Bija juga dikatakan sebagai unsur utama, dalam mengarungi kehidupan umat manusia untuk memperoleh kesejahteraan, kesuburan, dan kehidupan yang jagadhita karena berkaitan dengan Sri Dewi Maha Laksmi, sebagai dewi pemberi kehidupan untuk mencapai kemakmuran.
Makanya bija dibuat dari beras yang utuh, lonjong dan baik karena diyakini sebagai niyasa atau simbol 'lingga' yang merupakan pranawa Bhatara Siwa itu sendiri.
"Bahkan bija ini dilambangkan juga 'Wijaksara' yaitu wija dan aksara sebagai yang berkekuatan dengan pranawa yaitu simbol aksara 'Om' yang diyakini sangat berhubungan dengan agar tumbuh dalam diri umat Hindu," imbuh pemangku Pura Campuhan Windhu Segara ini.

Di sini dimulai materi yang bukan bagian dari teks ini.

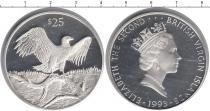 Продать Монеты Виргинские острова 25 долларов 1993 Серебро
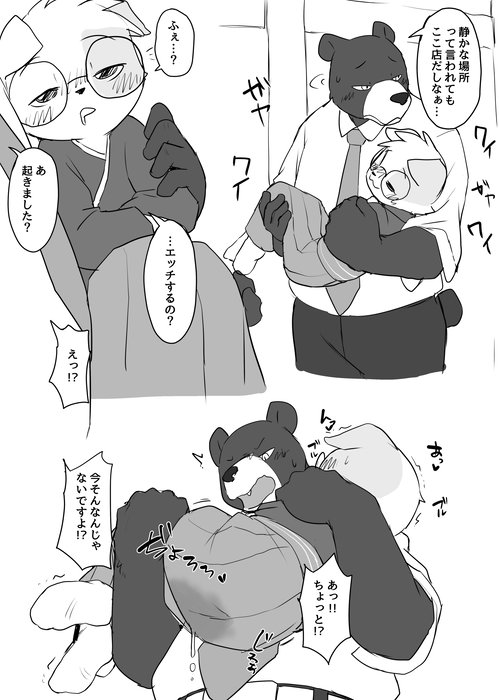 Artist - Manmosu Marimo page 10 full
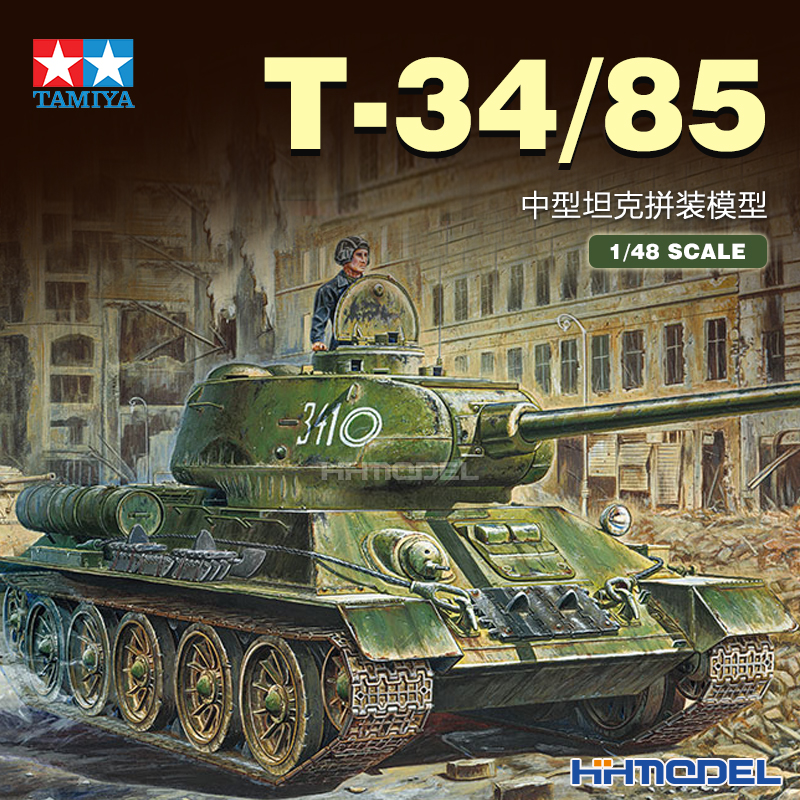 田宫T-34中型坦克拼装模型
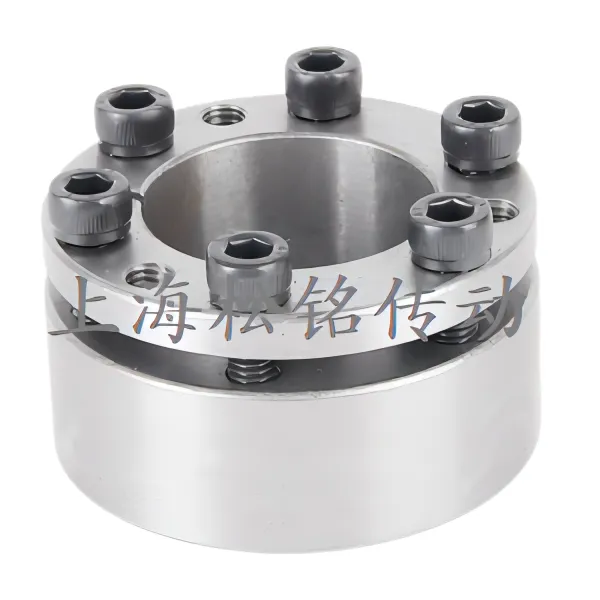 Z1-Z 22Keyless Locking Devices SONGMTC Expansion Sleeve photo-2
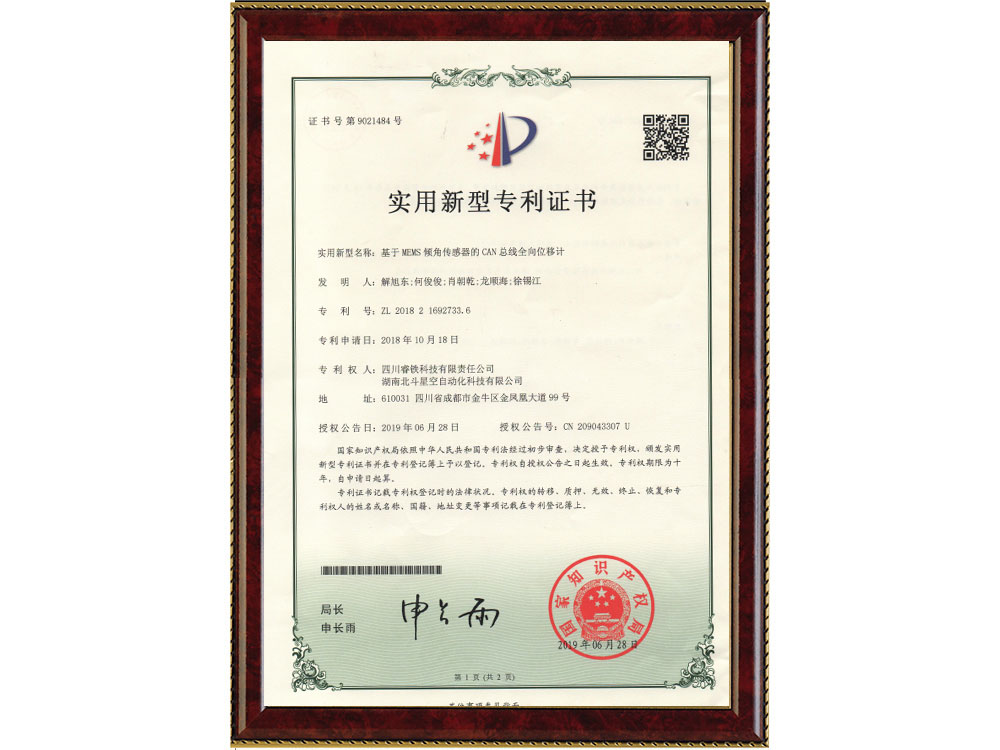 橋梁監(jiān)測(cè),邊坡監(jiān)測(cè),靜力水準(zhǔn)儀,固定式測(cè)斜儀,全向位移計(jì),傾角儀,房屋監(jiān)測(cè)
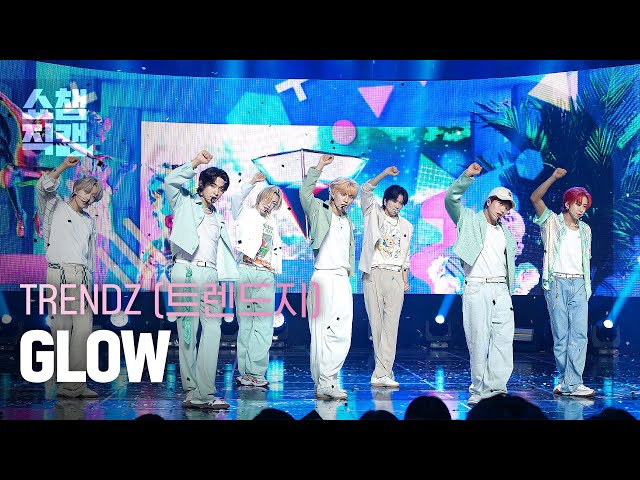 [쇼챔직캠 4K] TRENDZ(트렌드지) - GLOW | Show Champion | EP.524 | 240703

Sifat Dewi Sampat yaitu sifat-sifat kedewataan dan menghilangkan asuri sampat yaitu sifat-sifat keraksasaan.
Di samping itu, angka tiga pada bija yang ditaruh di kening, juga merujuk sebagai simbol 'Triveni' yaitu tiga pembuluh darah.
Diantaranya yaitu Ida, Pinggala, dan Sumsumna.
Ida adalah pembuluh darah, simbol bulan yang menghembuskan angin dingin melalui lubang hidung kiri pada malam hari.
Pinggala adalah simbol matahari yang menghembuskan udara melalui lubang hidung kanan pada siang hari.
Dan Sumsumna berhembus angin melalui lubang hidung kiri dan lubang hidung kanan bergantian sebagai pengatur jalannya pernafasan sehingga bisa hidup sempurna.